New hope for family reunionsDespite North Korea’s ever-belligerent rhetoric toward the South, the government has proposed that working-level talks between the two Koreas be held on the subject of reunions of families separated by the war. The proposal appears to be aimed at easing the tensions between Seoul and Pyongyang, and it came after the United States accepted the North’s offer to hold preliminary talks for a Washington-Pyongyang meeting in Beijing on Feb. 23. Though it is not clear if the North will accept the South’s proposal, it is too early to conclude that Pyongyang will reject it.

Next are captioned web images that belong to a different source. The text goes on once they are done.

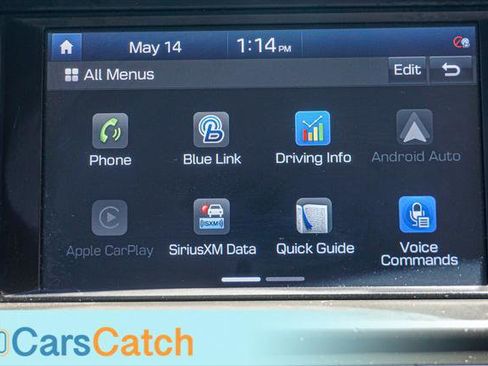 Used 2020 Hyundai Elantra Value Edition w/ Cargo Package (C1) FWD image 27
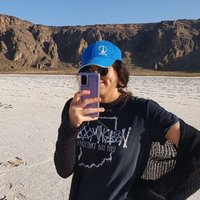 Tania Hidalgo (@taniac_hc) 's Twitter Profile
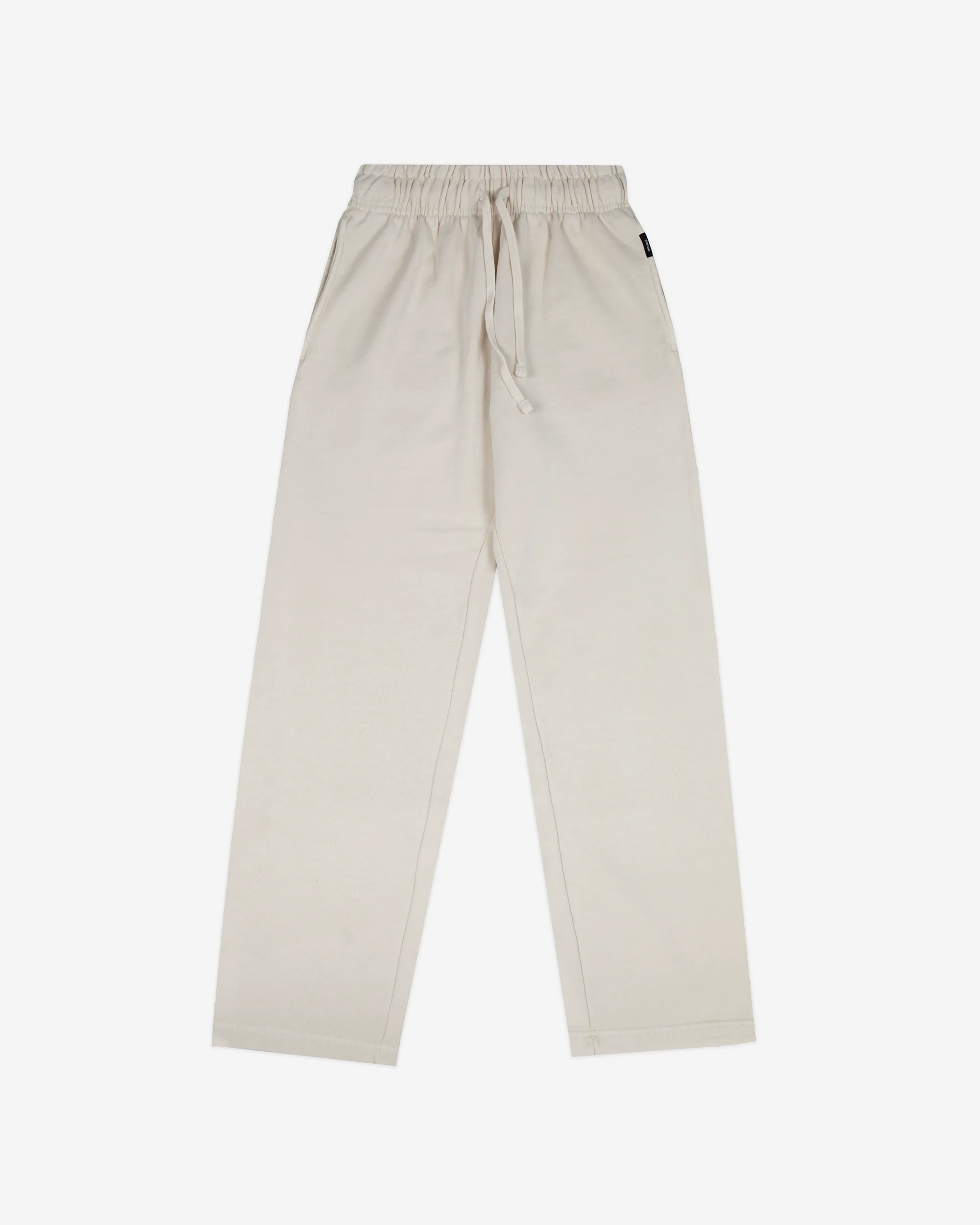 1875-dir-5dbc98dcc983-s-variation-1.webp Open Bottom Sweatpants - Vintage Bone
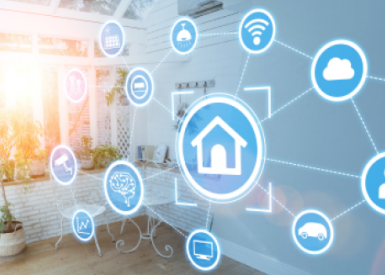 The Future of Smart Home Technology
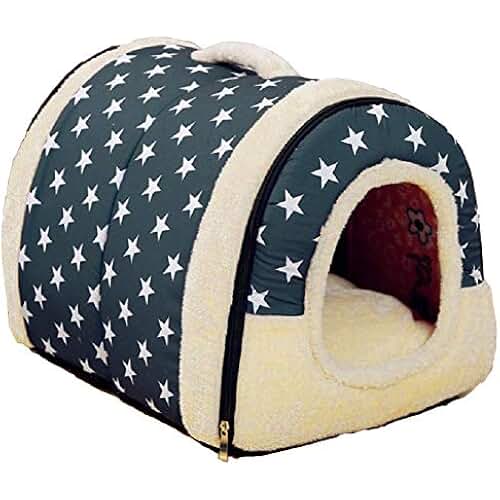Amazon.co.uk igloo dog beds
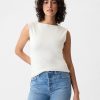 Modern Boatneck Topp Modern Boatneck Topp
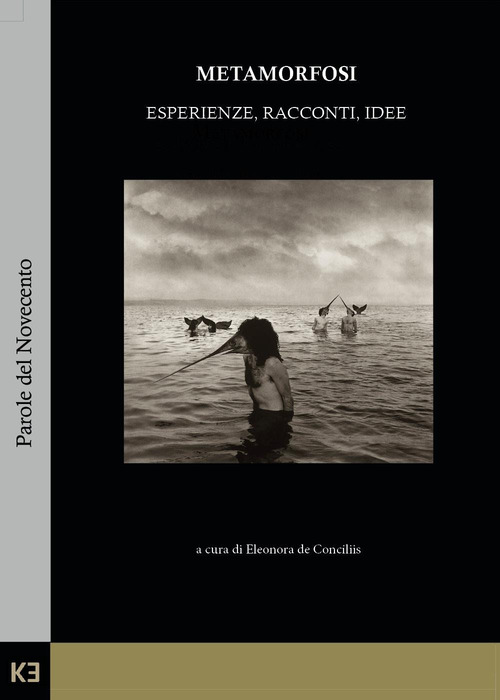 Metamorfosi. Esperienze, racconti, idee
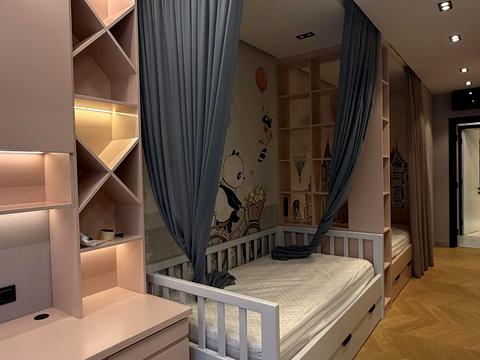 квартира по адресу 13-я станція Великого Фонтану, 2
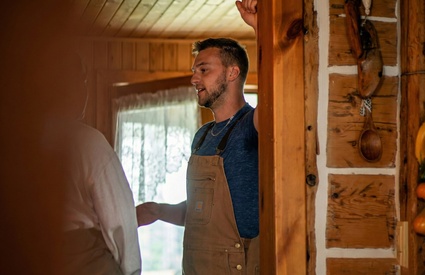 L'amour est dans le pré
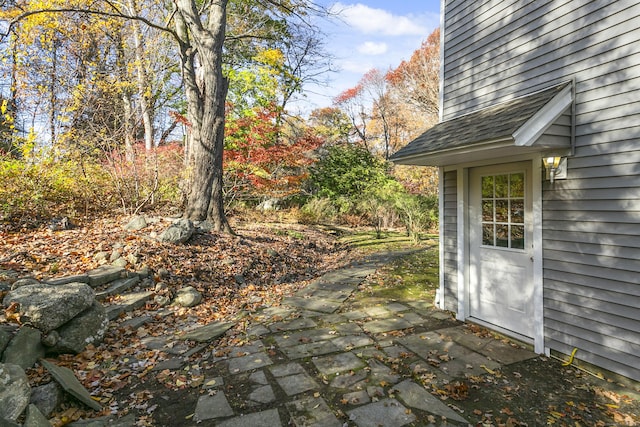 149 Chestnut Ridge Rd, Bethel, CT 06801 - view of patio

Last year, North Korea declared that it would stop all contact with Washington because it claimed the U.S. government had stepped back from its earlier promise to provide 330,000 metric tons of rice to the North. The United States, however, denied the charge, saying North Korea had engaged in contact knowing that Washington was using the term “nutritional assistance” instead of the term “food aid” used by the North. Given the resumption of talks between Pyongyang and Washington after the North’s offer, we can anticipate a potential change in Pyongyang’s stance on reunions.
The Obama administration has consistently said that North Korea must first receive food from its southern brethren if it wants additional food aid. It is therefore possible that Seoul made its recent proposal on reunions expecting a change in Pyongyang’s hard-line position.
Reunions of separated families have served as a useful tool for mending fences while inter-Korean tensions were high. Previous administrations have provided the North with a massive amount of aid - mostly food or fertilizer - in exchange for reunions of separated families. The aid packages have undoubtedly contributed to the resumption of dialogue. Under the current administration, too, the government offered humanitarian aid to Pyongyang in 2009 and 2010, though the size of the package was smaller than during previous administrations. The government’s current proposal for another meeting of separated families will also be followed by aid depending on how the North responds. The government seems to be willing to give much more aid than in the past.
We hope that Pyongyang accepts this latest proposal as it knows it cannot maintain its hostility toward Seoul forever. When it comes to humanitarian issues, North Korea does not have to take other political matters into account. Talks could provide a precious opportunity to iron out misunderstandings between the two Koreas.